6.53 La pièce 6.11 montre les résultats de trois scénarios distincts concernant l'évolution des coûts de santé :

6.54 La troisième projection, selon laquelle les dépenses de santé réelles par habitant demeureront constantes, a pour objectif d'isoler les effets des facteurs purement démographiques sur les dépenses consacrées aux soins de santé. Malgré la jugulation des coûts, les dépenses publiques globales consacrées aux soins de santé augmenteront énormément en chiffres absolus, et à peu près au même taux que la croissance prévue du PIB. Dans les deux autres scénarios, les dépenses consacrées aux soins de santé augmentent beaucoup plus rapidement que le PIB pendant la période de projection : dans le scénario à coût moyen, elles passent de 6,4 p. 100 du PIB en 1996 à 9,0 p. 100 de celui-ci en 2031; dans le scénario à coût élevé, elles doublent pour se fixer à 12,5 p. 100 du PIB pendant cette même période.

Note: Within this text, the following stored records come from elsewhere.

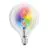 Ledvance Smart+ Wifi E27 Globe Classic Filament 4.5W 300lm - 827 Blanc Très Chaud | RGBW - Équivalent 30W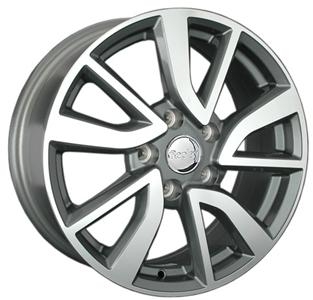 

Диск 6.5x16 5x114.3 ET45.0 D67.1 LegeArtis HND161
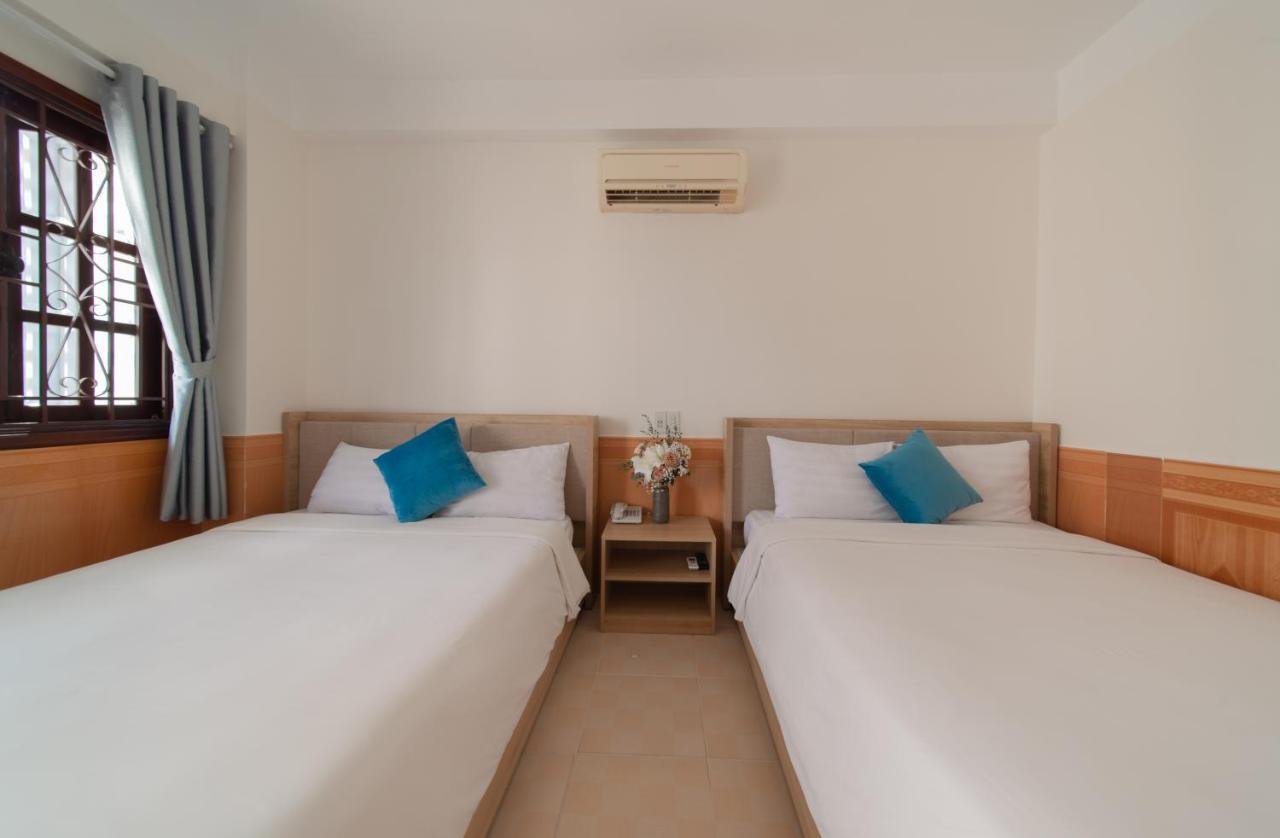 Starlight Nha Trang Hotell Exteriör bild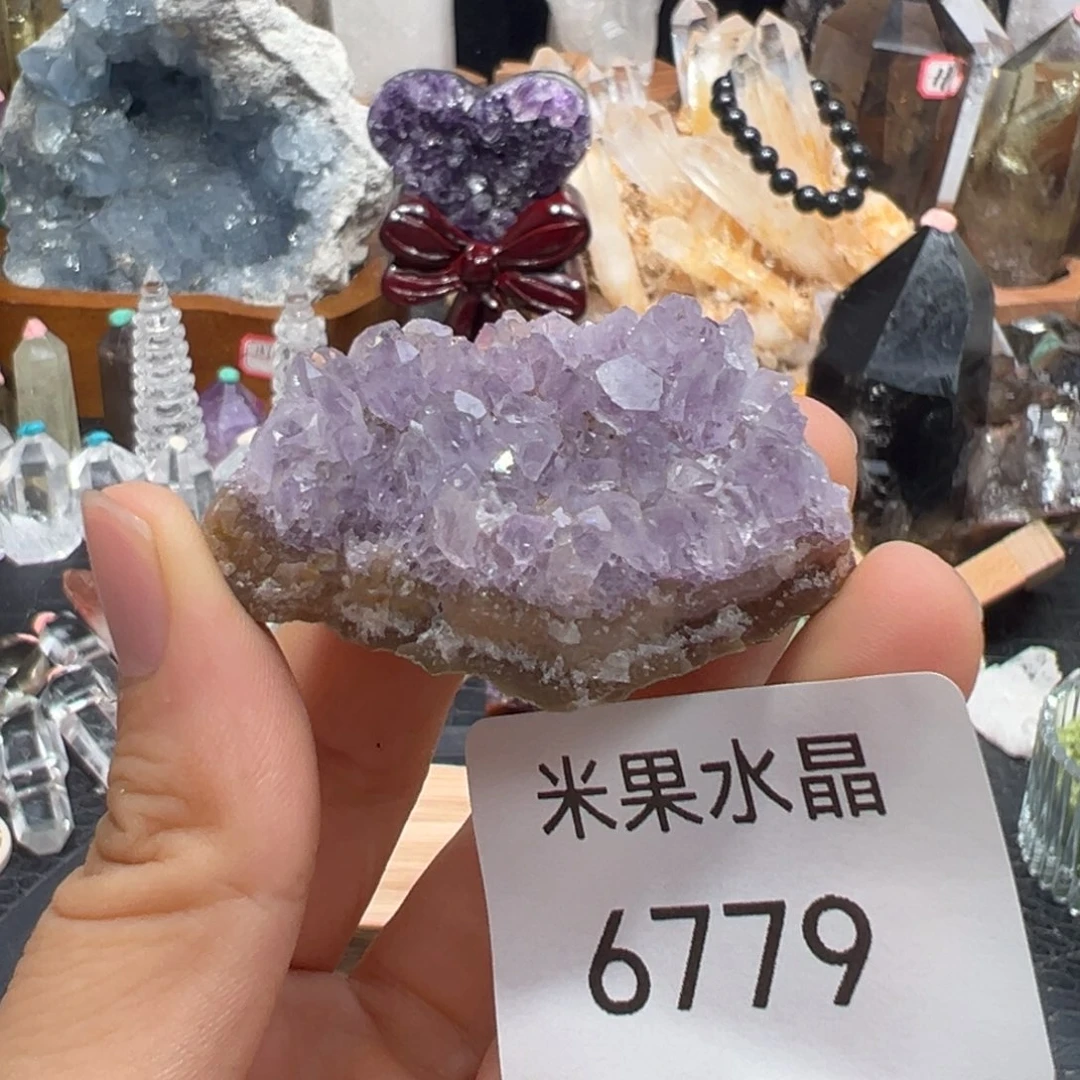 水晶珠宝半成品未镶嵌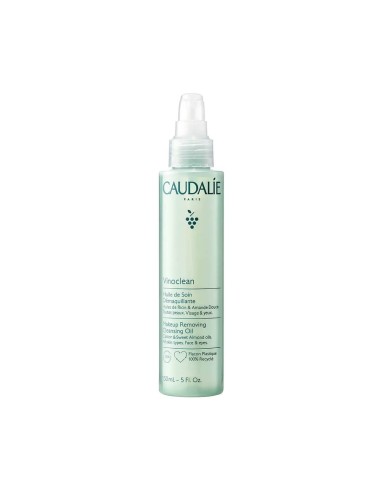 Aceite Limpiador Vinoclean Caudalie 150ml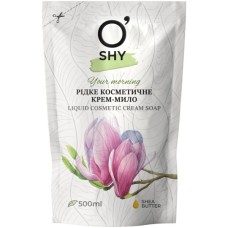 Рідке мило O'Shy Your Morning Дой-пак 500 мл (4820263234914)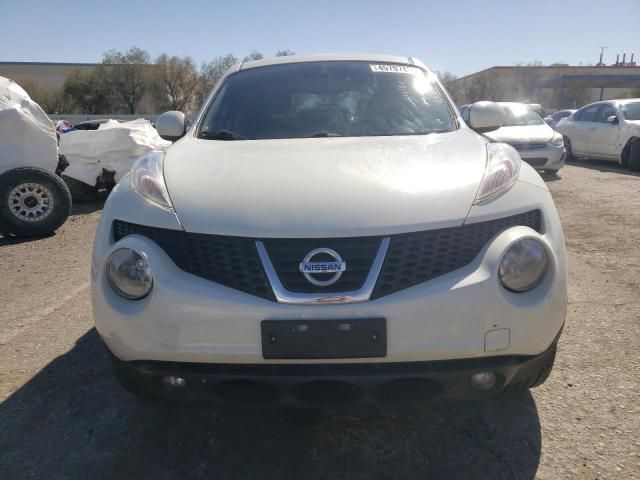 2012 Nissan Juke S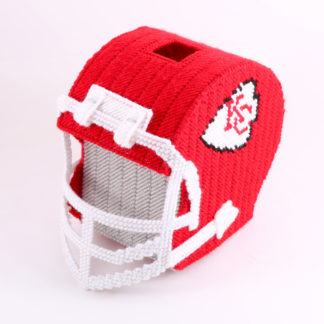 Kansas City Chiefs Helmet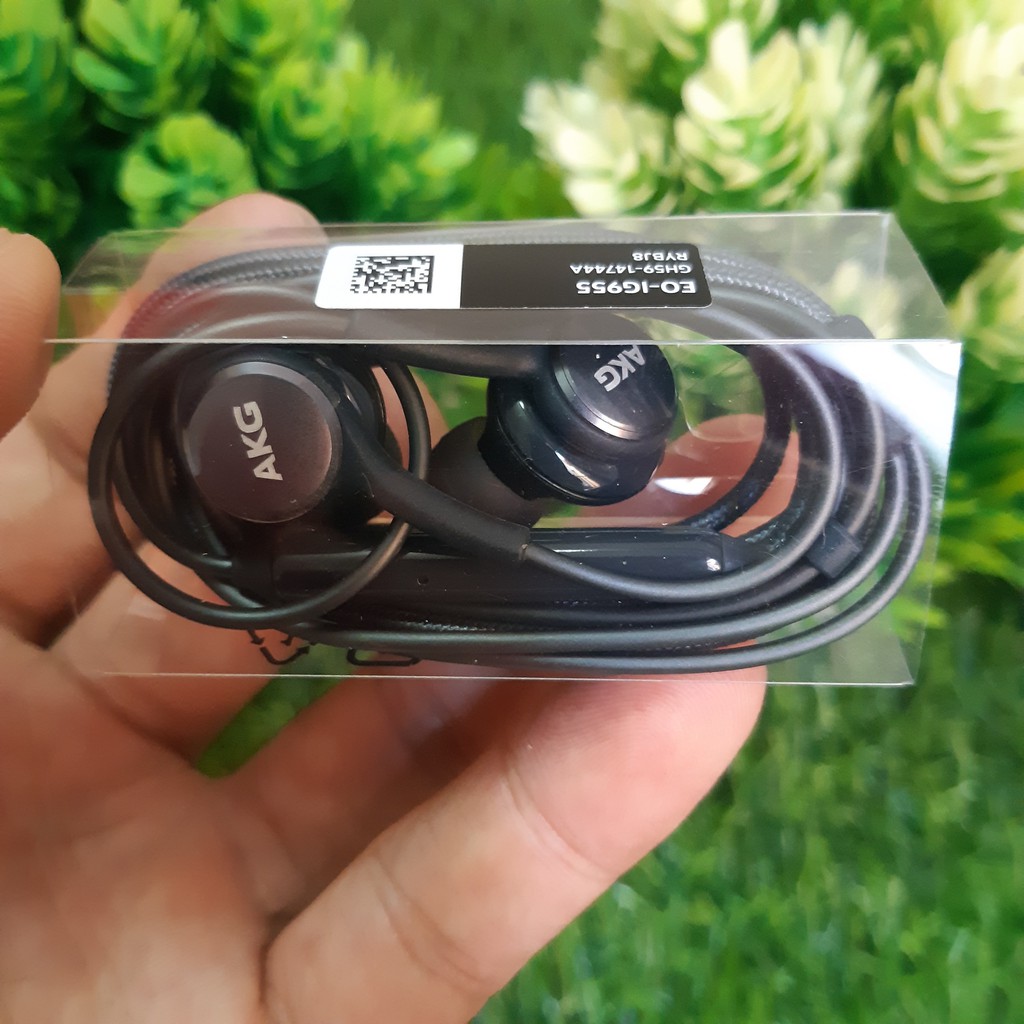 Tai Nghe Samsung AKG S8, S8 Plus, S9, S9 Plus, Note 9 Chính Hãng, Bảo Hành 12 Tháng, Chất Âm Hay, Giá Siêu Rẻ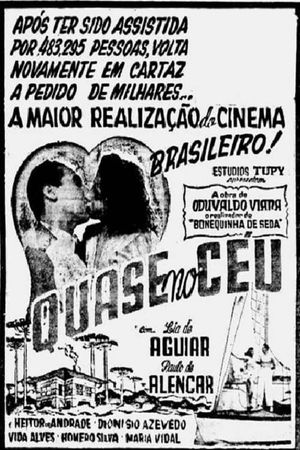 Quase no Céu's poster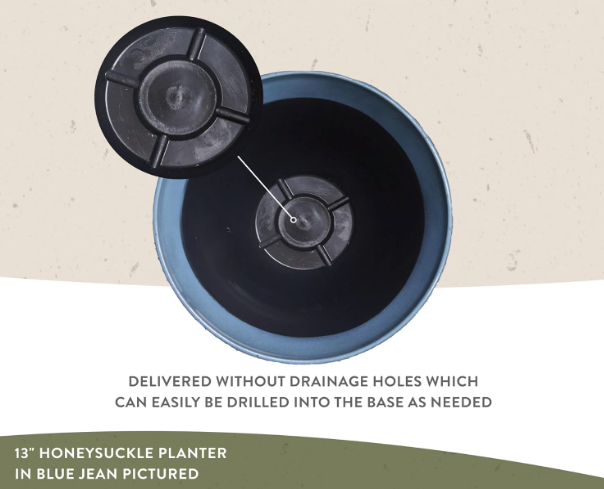 The Solis Flare Planter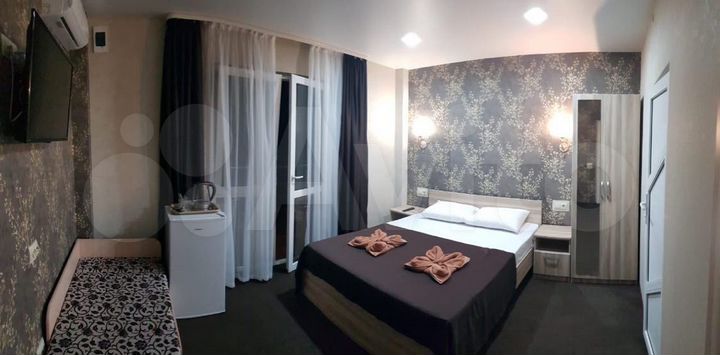 Комната 16 м² в 1-к., 2/4 эт.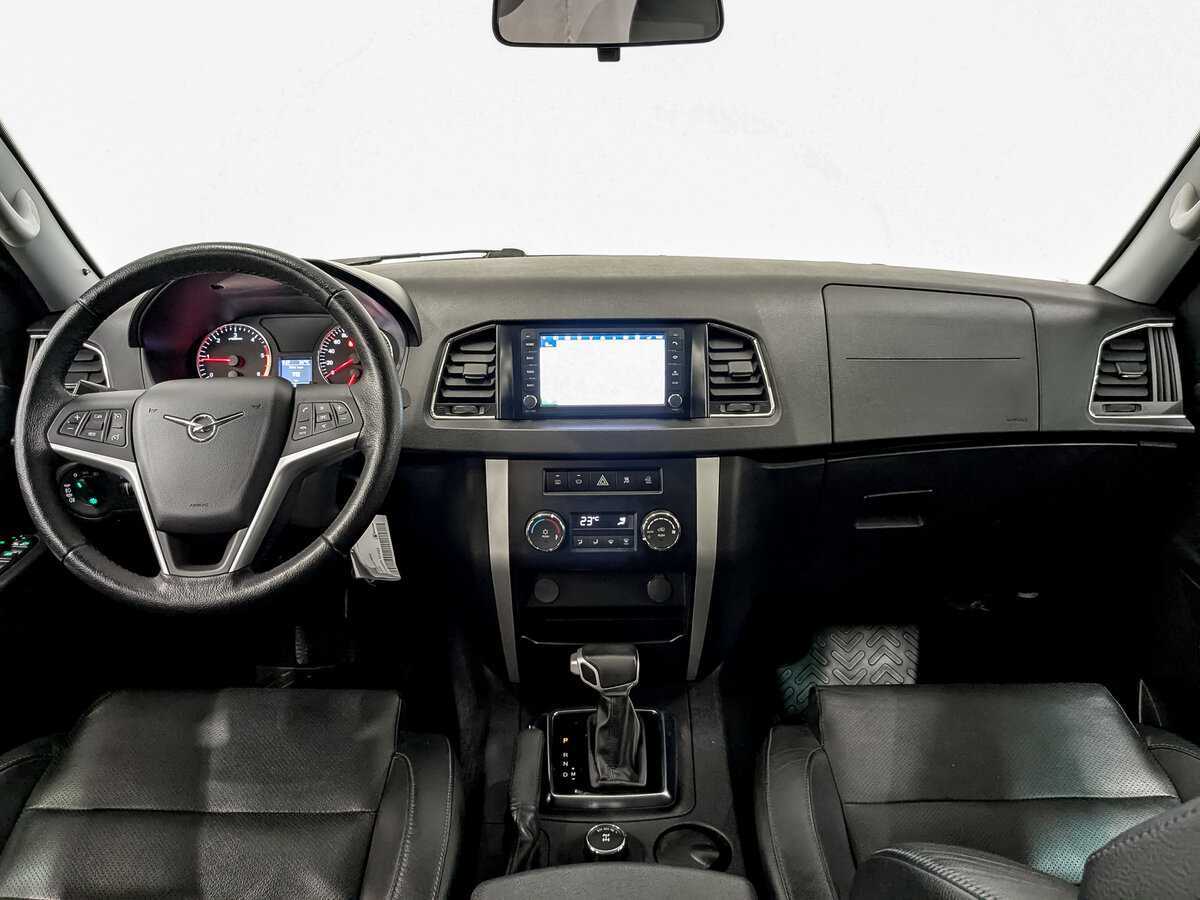 УАЗ Patriot 2019 года с пробегом. Фото: #13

6.55 La pièce 6.12 résume les résultats des projections effectuées. Elle indique que les dépenses publiques consacrées à la sécurité sociale et à l'assurance-maladie augmentent pour passer de 11,6 p. 100 du PIB en 1996 à un taux se situant entre 14,7 et 20,7 p. 100 d'ici 2031, selon les hypothèses posées quant à l'augmentation des dépenses de santé. Dans le scénario à coût moyen (selon lequel les dépenses de soins de santé par habitant augmentent au même taux que le traitement moyen), les dépenses publiques consacrées à la sécurité sociale et aux soins de santé augmentent pour s'établir à 17,2 p. 100 du PIB d'ici 2031, soit 5,6 points de pourcentage de plus qu'aujourd'hui. Dans le contexte économique actuel, une telle augmentation équivaut à peu près à 50 milliards de dollars.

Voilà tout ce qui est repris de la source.